We first meet him as Little, a nine year old boy running from bullies. It isn’t the first time he has suffered at the hands of his peers, and it certainly won’t be the last. He hides out in an abandoned house and there meets Juan, a local drug dealer, who tries to find out where Little belongs, or even what his name is. Little isn’t one for talking much though. And it takes quite a while before Juan learns anything about the boy.
I loved the relationship between Juan and Little, it is so rare to see anything that approaches a healthy relationship between men and young boys on screen, even when it is parents and children there is usually some unpleasantness to work through. And when was the last time you saw a back father figure get anything like a positive portrayal on-screen?

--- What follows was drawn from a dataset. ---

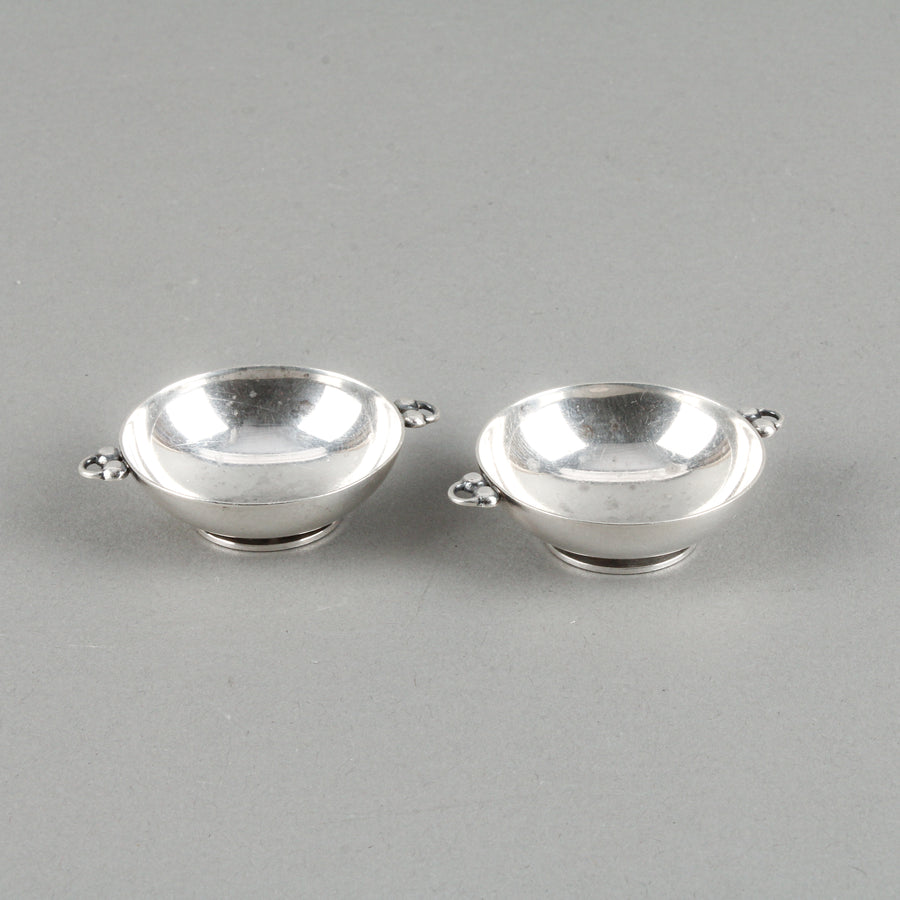 EVALD J. NIELSEN Sterling Silver Danish Silver Salt Cellars - Set of 2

Of course Juan is a drug dealer. And Little’s mother is a drug addict. That’s not ideal, to put it very simply, but the film handles the subject so well. You just ache for everyone while you watch. And I think that is maybe why I loved this film so much, there is very little judgement in it. Not that anything is excused or made light of, on the contrary, the realities and consequences are plain and harsh, but their stories are portrayed with such empathy and hurt.
The second segment has Little as an older teenager, trying to go by his given name, Chiron. But he still faces bullying and constant harrasment. And even those that might be his friends do terrible things.
In the final section he is now Black. Grown up, a man. But still so alone.
I’m not going to say much about what happens in the second two sections, spoilers darlings!, but there are moments that’ll make you just want to put your arms around Chiron and tell him it’ll all be alright. Only you can’t. You aren’t in his life, but also, it won’t. It isn’t all right, and I was thinking about all the other people in the same situation as Chiron. Bullied for being gay. Abused because their parents aren’t there or are drug addicts. Caught in a poverty trap. Alone.
And that one moment, where you cheer for Chiron as he takes action, well, where does it lead only to further trouble and isolation. How can you watch and not be moved?
I am delighted that it won the Oscar because often this sort of film, small and personal, doesn’t get the attention it deserves. But in my opinion it is harder to get those small intimate moments across, Moonlightsucceeds, with three different but wonderful actors in the main role, some fantastic supporting cast, and beautiful direction and cinematography. I loved it.